What to work on
Pictures stay out of the copy. Retype exactly the lines below from the one with "Image of Baby" through the one with "Sterling Silver Graceful, Timeless".

Items from a dataset
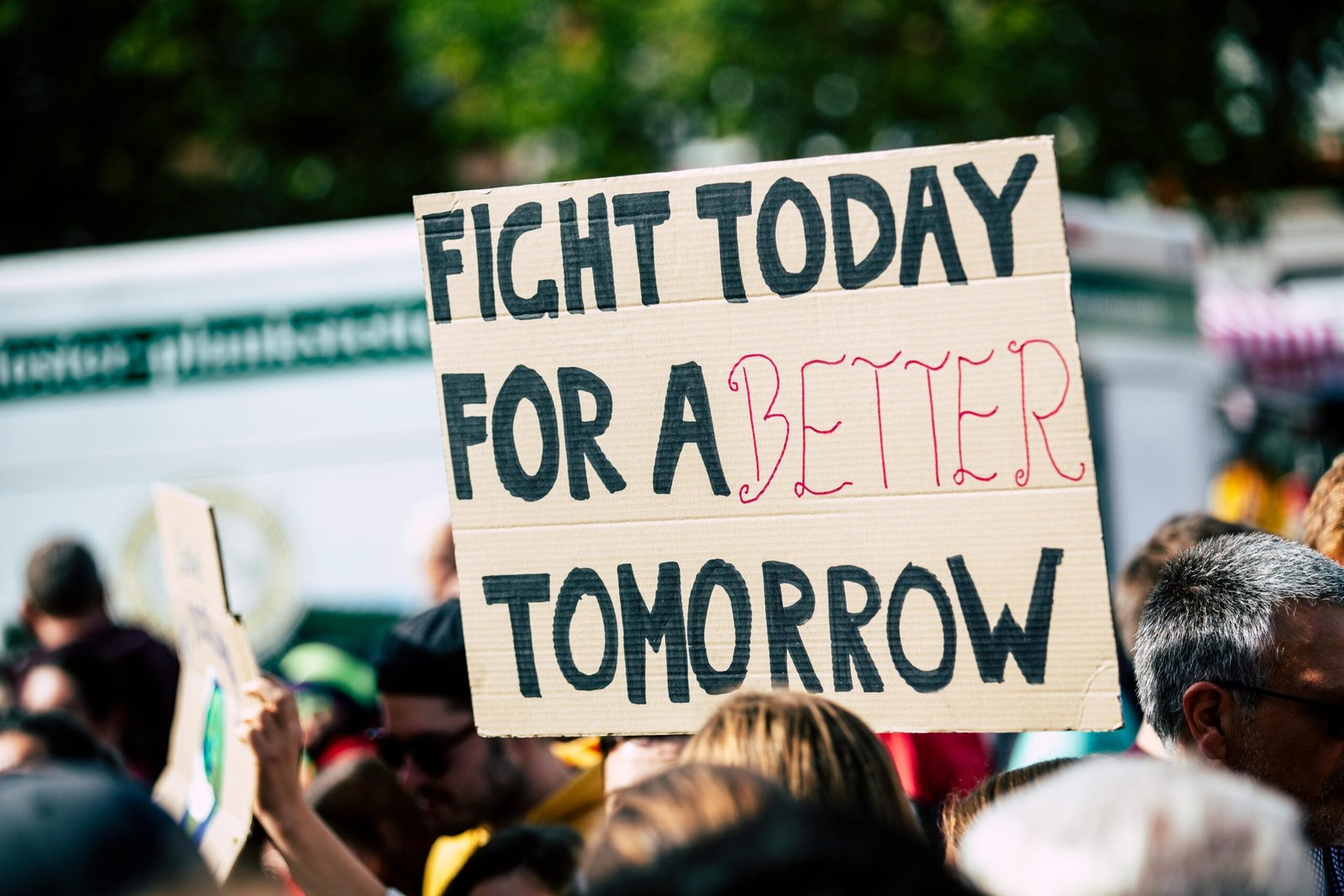 (A poster at a rally, Pexels image by Markus Spiske, 2019)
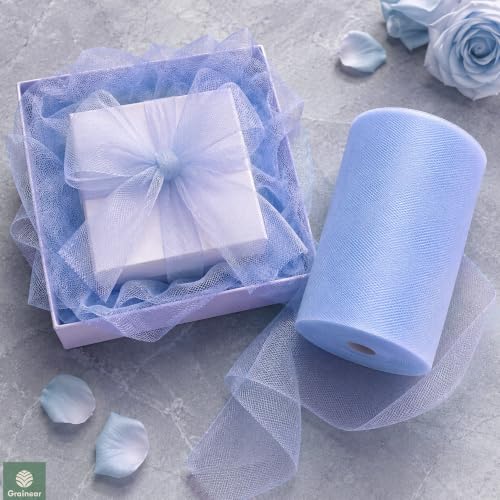 Image of Baby Blue Tulle Fabric Roll 6 Inch x 100 Yards Tulle Ribbon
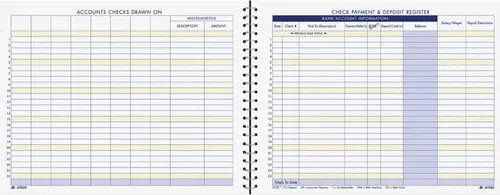 Vista 3 de Adams registro de pago y depósito de cheques, 8.5 x 11 pulgadas, color blanco (AFR60), Blanco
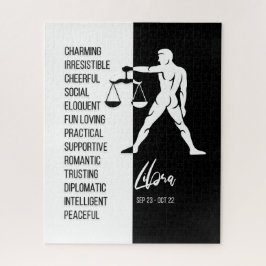 Rótulo Libra Zodiac, rompecabezas negro y blanco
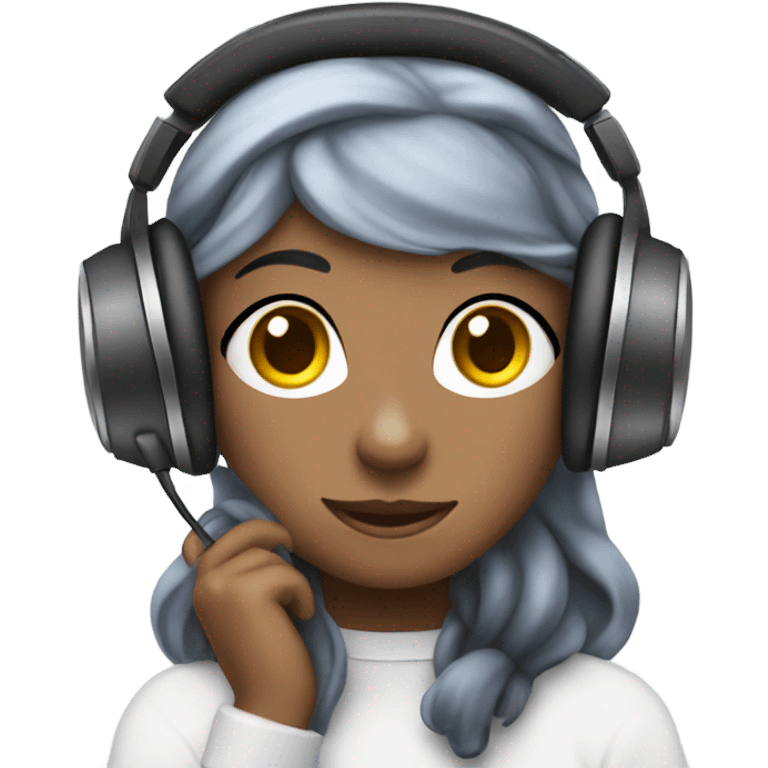 a girl with laptop & headphone, clouds in background with cute emojis emoji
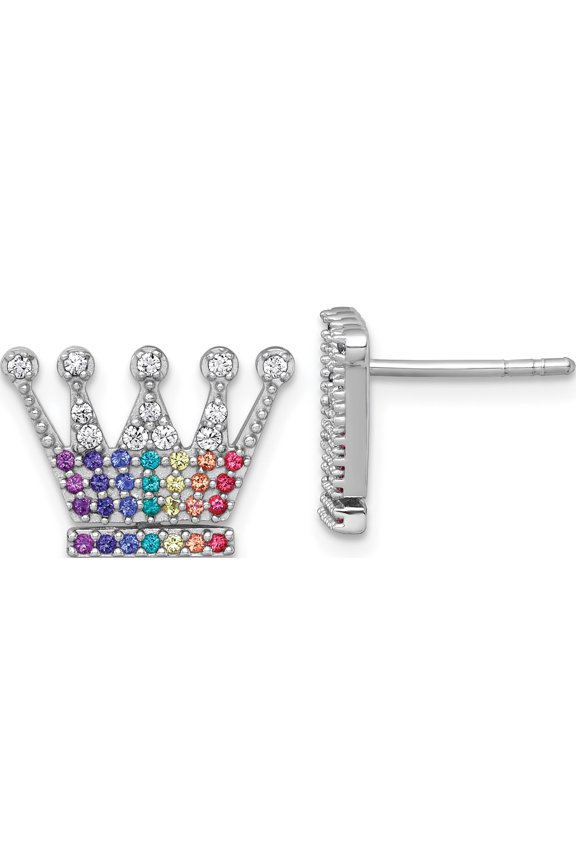 Sterling Silver Graceful, Timeless Multi-Color 11.1 Mm 15.5 Rhodium-Plated Polished Rainbow Nano Crystals Crown Post Earrings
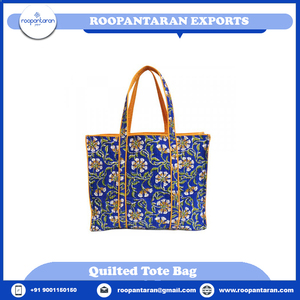 Newest Trending Direct Manufacturer Handmade <b>Tote</b> <b>Bag</b> Hand Block Printed Soft Cotton <b>Padded</b> Quilted <b>Tote</b> <b>Bag</b> for Sale - Product Image 4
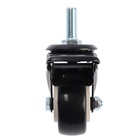 Колесо мебельное ТУНДРА, d=50 мм, поворотное, с футоркой 12х30 мм, с тормозом, черное - фото 808506989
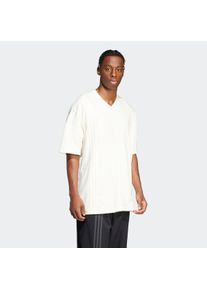 T-Shirt adidas originals "FRONT 3-STREIFEN", Damen, Gr. S, wei&szlig; (cream wei&szlig;), Obermaterial: 100% Baumwolle, V-Ausschnitt, Shirts T-Shirt, mit V-Ausschnitt, seitlich versetzte 3-Streifen, aus 100 % Baumwolle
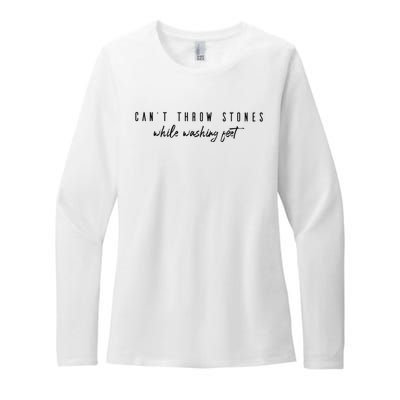 Cant Throw Stone While Washing Feet Christian Womens CVC Long Sleeve Shirt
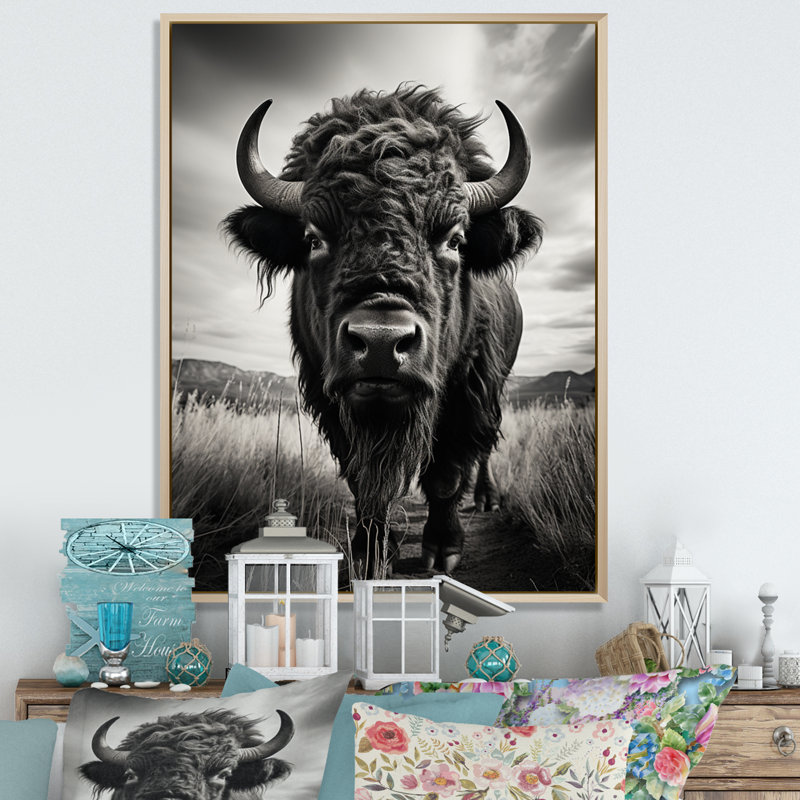 Bison Tales Of The Prairies - animaux, impressions sur toile, H 40 po x l 30 po x P 1,5 po, Cadre naturel flottant
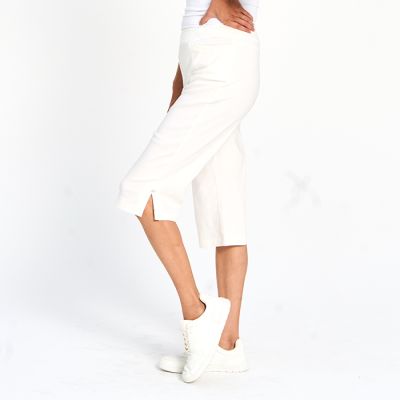 Slit Hem Jewel Capri Pants in Ivory-XXL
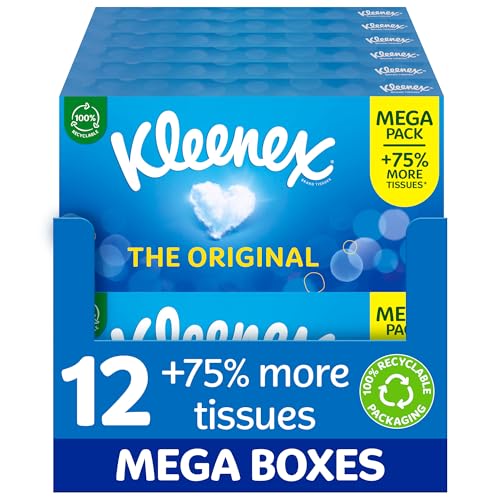 Kleenex® Original Tissues, Mega Pack – 1,344 Sheets (12 Boxes x 112 Sheets) - Always Soft & Strong for Everyday Use - Now 75% More Tissues in a Box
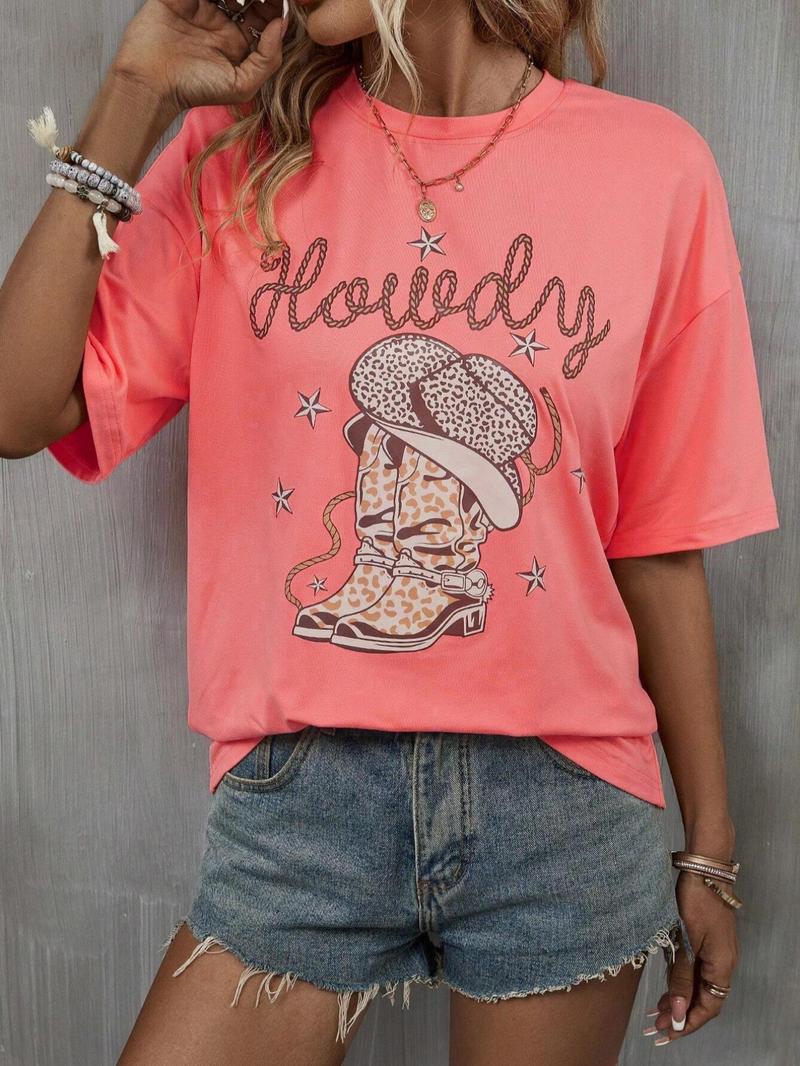 Product Introduction of Women's Letter & Hat Print Round Neck Graphic Tee, Vintage Trendy Casual Half Sleeve T-shirt for Daily Wear, Ladies Summer Clothes 1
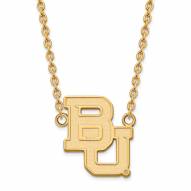 Baylor Bears NCAA Sterling Silver Gold Plated Large Pendant Necklace
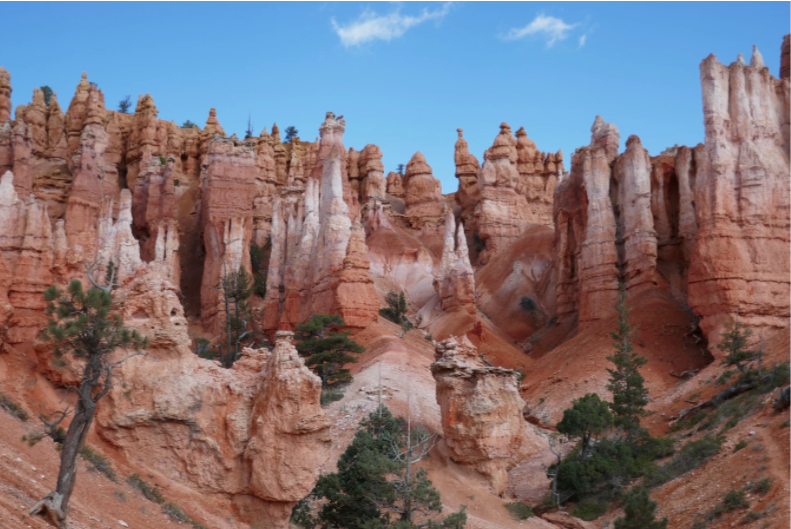 notable white stripe along a red rock natural wall of the hiking trails in bryce canyon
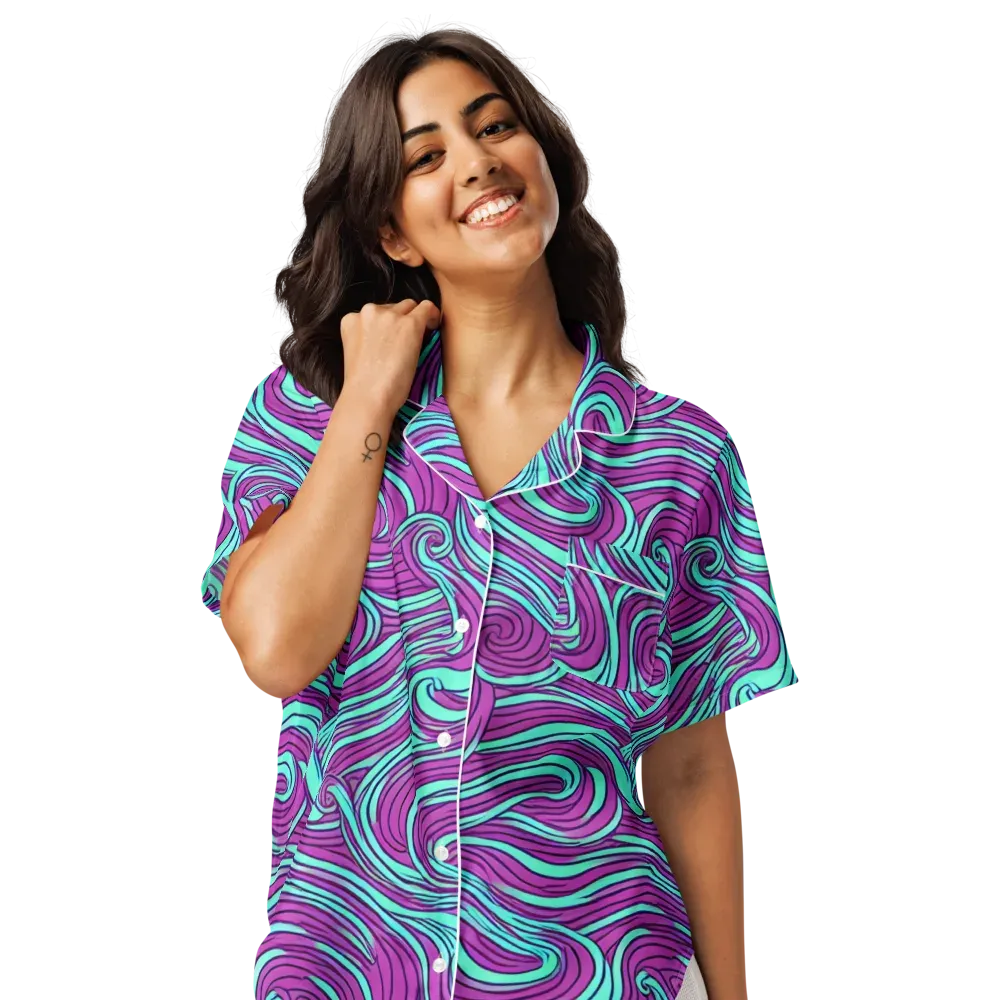 Neon Tidal on Women's Short Sleeve Pajama Top — Front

Answer box
 Image of Baby Blue Tulle Fabric Roll 6 Inch x 100 Yards Tulle Ribbon
 Vista 3 de Adams registro de pago y depósito de cheques, 8.5 x 11 pulgadas, color blanco (AFR60), Blanco
 Rótulo Libra Zodiac, rompecabezas negro y blanco
 a girl with laptop & headphone, clouds in background with cute emojis emoji
 Sterling Silver Graceful, Timeless Multi-Color 11.1 Mm 15.5 Rhodium-Plated Polished Rainbow Nano Crystals Crown Post Earrings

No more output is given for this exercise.